Imagine um quintal cheio de coelhos e galinhas, todos vivos, vigorosos e soltos, com direito a fugirem e se esconderem sempre que alguém chegar perto.

Esse é um possível cenário, imagino, que possa motivar o seguinte exercício de matemática, exercício bem clássico, presente numa montanha de livros didáticos.

"Numa criação de coelhos e galinhas, contaram-se 400 pés. Quantas são as galinhas e quantos são os coelhos, sabendo-se que a diferença entre esses dois números é a menor possível? "

Pois bem, esse exercício está em uma das apostilas do PROFMAT, mestrado profissional em matemática, em rede nacional, destinado a professores de matemática do ensino básico e no qual dou aulas.

É um exercício bem irreal. Imagine o trabalho que dá, em vez de contar as cabeças, ou os animais como um todo, que é o usual, contar os pés das galinhas e dos coelhos. Ninguém faz isso. Imagine a canseira e o trabalho que dá contar os pés dos coelhos, que são animais ágeis, de pernas curtas, rentes ao chão, e que quando correm praticamente não vemos as pernas. Imagine dizer pra um sitiante, criador de galinhas e de coelhos, e acostumado a contar esses animais, que na escola, e até na universidade, existem situações em que tais animais são contados pelos pés.

Além disso, o exercício em si é desnecessário, uma vez que, evidentemente, a pessoa que contou os pés e sabe a diferença entre o número de coelhos e de galinhas, sabe a resposta do problema. Ou seja, é um exercício que não serve pra nada, exceto pra desafiar estudantes. É um exercício apenas de sala de aula. Eu, sendo aluno, me negaria a resolvê-lo.

Agora imagine quantos estudantes, ao longo da história,  pagaram um preço alto,  ficaram pra trás, tiveram que repetir de ano, traumatizaram-se e afastaram-se da matemática, por não dar conta de fazer um exercício tolo como esse. Imagine quantos, talvez a imensa maioria, sequer se deram conta de que estavam diante de uma imensa tolice, de um esforço em vão, de uma briga por nada.

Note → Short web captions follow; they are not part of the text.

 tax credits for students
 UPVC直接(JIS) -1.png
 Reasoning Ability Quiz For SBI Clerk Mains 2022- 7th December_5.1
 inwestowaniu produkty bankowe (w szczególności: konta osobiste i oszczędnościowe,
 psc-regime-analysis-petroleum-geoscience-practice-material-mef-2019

Sim porque esse exercício é daqueles disfarçados de úteis, uma vez que vem vestido de um texto em português, sem linguagem matemática alguma e trata de coisas reais, que nos são muito próximas, quase familiares, como são galinhas, os coelhos e os quintais. Portanto, a estudantada dificilmente consegue parar pra perceber o blefe. E os livros didáticos, e seus autores, evidentemente, são cúmplices no jogo, pois incluem o exercício na seção de aplicações da matemática, que é o sonho de consumo de todo mundo. “pra quê serve?”.

É claro que a gente pode dar a desculpa de que estamos apenas treinando o modelo matemático, que resolve esse tipo de "problema", e portanto relativizar a crítica. Ainda assim, com tantos problemas de verdade que existem e com tanta coisa acontecendo no mundo, por que iríamos perder tempo com problemas falsos, com uma pseudo aplicação, com um engodo?

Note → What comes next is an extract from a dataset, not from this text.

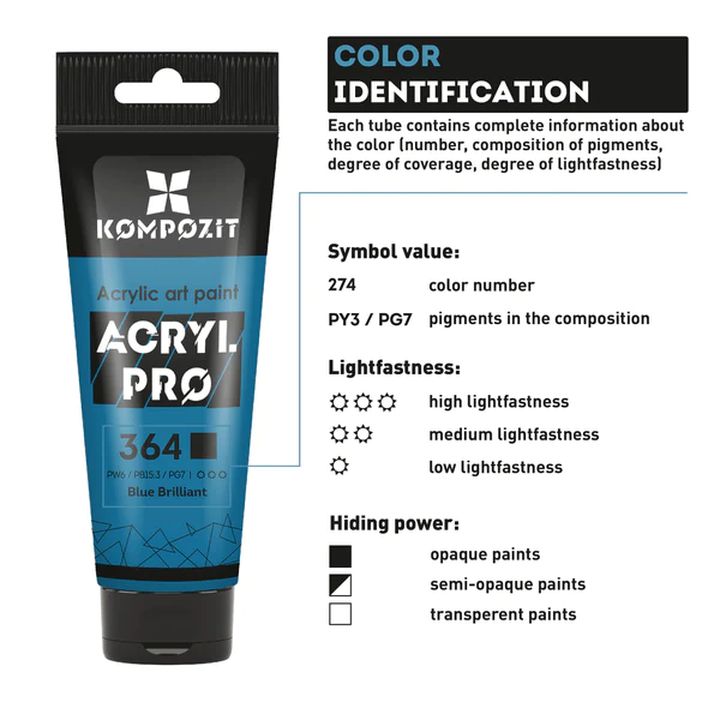 Pakovanje ACRYL PRO ART akrilne boje od 75 ml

Matemática, só a título de lembrança, goza de um privilégio estupendo frente a sociedade, todo mundo confia cegamente nela,  quase ninguém ousa duvidar dos seus métodos,  e segue inabalável em todas as reformas de ensino: tudo pode cair, mudar, virar optativo. Matemática, não. Segue obrigatória e decisiva na formação das pessoas.

Como diz, Ole Skovsmose, em seu livro Educação crítica, ao concluir o ensino médio um estudante fez em média 10 000 exercícios de matemática, sem precisar pensar, apenas executou tarefas, seguiu modelos. O autor acredita, portanto, que matemática pode estar cumprindo uma função bem diferente daquela propagandeada aos quatro ventos, de ajudar a pensar, e a desenvolver o raciocínio lógico. Isto é, pode estar ajudando a preparar as pessoas pra, ao entrarem no mercado de trabalho, executarem funções repetitivas, adestradamente, sem questionamento. Mas isso já é uma outra história.

Voltando aos animais, a resposta é:

67 coelhos

66 galinhas

E o mundo vai continuar exatamente do mesmo tamanho.